Genetic risk for Alzheimer's disease alters the five-year trajectory of semantic memory activation in cognitively intact elders

Abstract

Healthy aging is associated with cognitive declines typically accompanied by increased task-related brain activity in comparison to younger counterparts. The Scaffolding Theory of Aging and Cognition (STAC) (Park and Reuter-Lorenz, 2009; Reuter-Lorenz and Park, 2014) posits that compensatory brain processes are responsible for maintaining normal cognitive performance in older adults, despite accumulation of aging-related neural damage. Cross-sectional studies indicate that cognitively intact elders at genetic risk for Alzheimer's disease (AD) demonstrate patterns of increased brain activity compared to low risk elders, suggesting that compensation represents an early response to AD-associated pathology. Whether this compensatory response persists or declines with the onset of cognitive impairment can only be addressed using a longitudinal design. The current prospective, 5-year longitudinal study examined brain activation in APOE ε4 carriers (N=24) and non-carriers (N=21). All participants, ages 65-85 and cognitively intact at study entry, underwent task-activated fMRI, structural MRI, and neuropsychological assessments at baseline, 18, and 57 months. fMRI activation was measured in response to a semantic memory task requiring participants to discriminate famous from non-famous names. Results indicated that the trajectory of change in brain activation while performing this semantic memory task differed between APOE ε4 carriers and non-carriers. The APOE ε4 group exhibited greater activation than the Low Risk group at baseline, but they subsequently showed a progressive decline in activation during the follow-up periods with corresponding emergence of episodic memory loss and hippocampal atrophy. In contrast, the non-carriers demonstrated a gradual increase in activation over the 5-year period. Our results are consistent with the STAC model by demonstrating that compensation varies with the severity of underlying neural damage and can be exhausted with the onset of cognitive symptoms and increased structural brain pathology. Our fMRI results could not be attributed to changes in task performance, group differences in cerebral perfusion, or regional cortical atrophy.

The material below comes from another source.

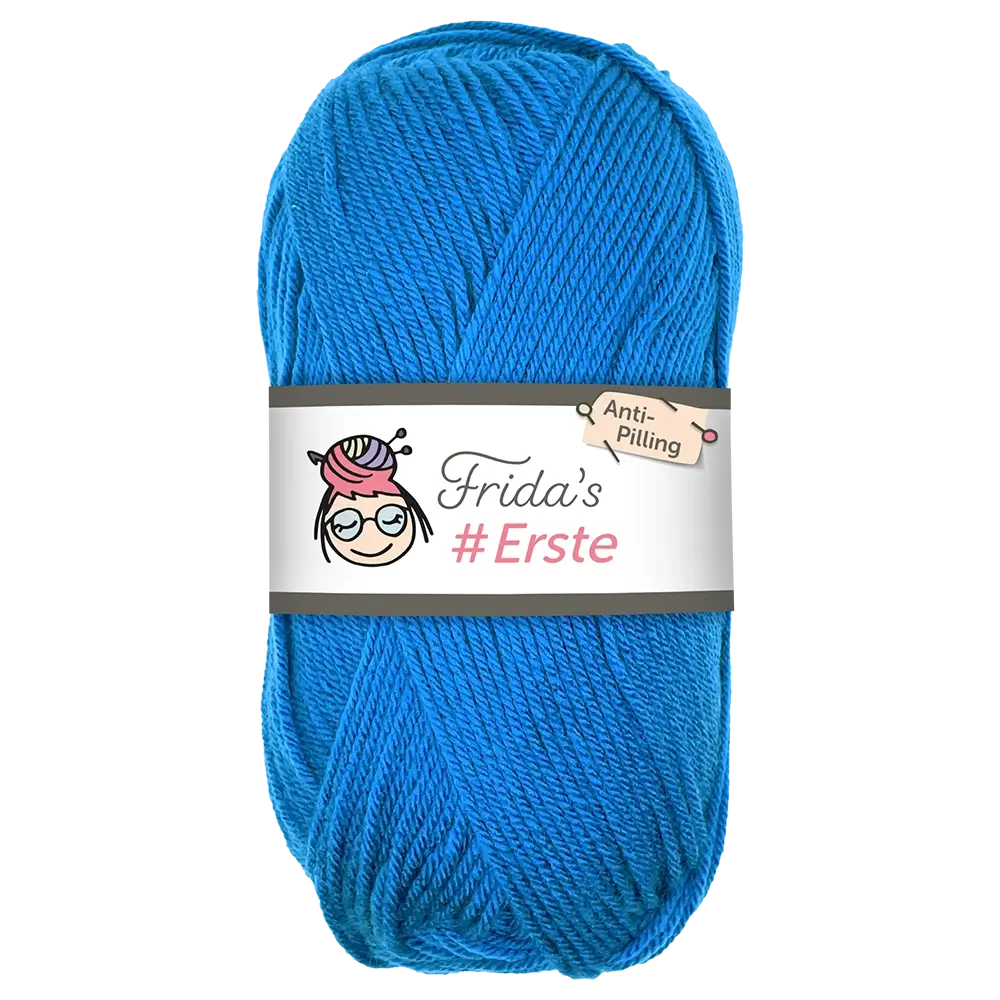 #Farbe_Frida's Erste | 16 Enzianblau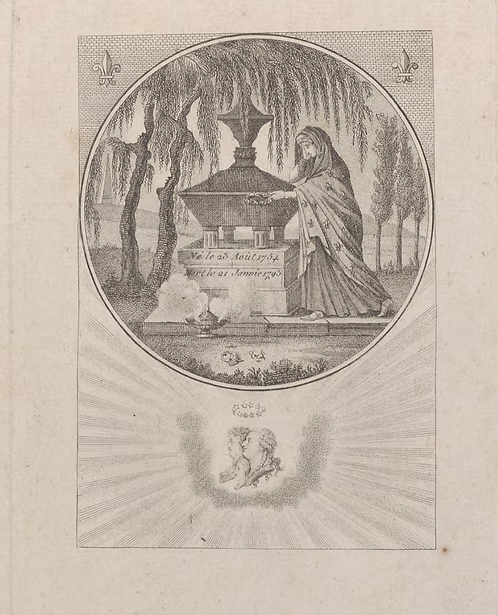 The Tomb of Louis XVI with Hidden Silhouettes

Keywords: APOE ε4; Aging; Alzheimer's disease; Semantic memory; fMRI.

Fig. 1

Longitudinal changes in RAVLT Delayed Recall (left) and ICV-corrected hippocampal volume (right) for the Low Risk and APOE ε4 groups at baseline (0 months), 18 months, and 57 months.

Fig. 2

Voxelwise subtraction of the Famous and Non-Famous Name hemodynamic response functions for the Low Risk and APOE ε4 groups at baseline (0 months), 18 months, and 57 months.

Fig. 3

Functional regions of interest (fROIs) generated from a disjunction mask derived from the Low Risk and APOE ε4 groups at baseline (0 months), 18 months, and 57 months (see Methods). fROI region numbers correspond to numbers in Tables 3–5. BA= Brodmann’s areas; R= right, L= left, B = bilateral; SMA = supplementary motor area.

Fig. 4

Percent MR signal intensity derived from subtraction of Famous and Non-Famous Names for 10 fROIs demonstrating significant differences between the Low Risk and APOE ε4 groups in slope (see Table 3). Numbers in brackets correspond to fROIs described in Fig. 3.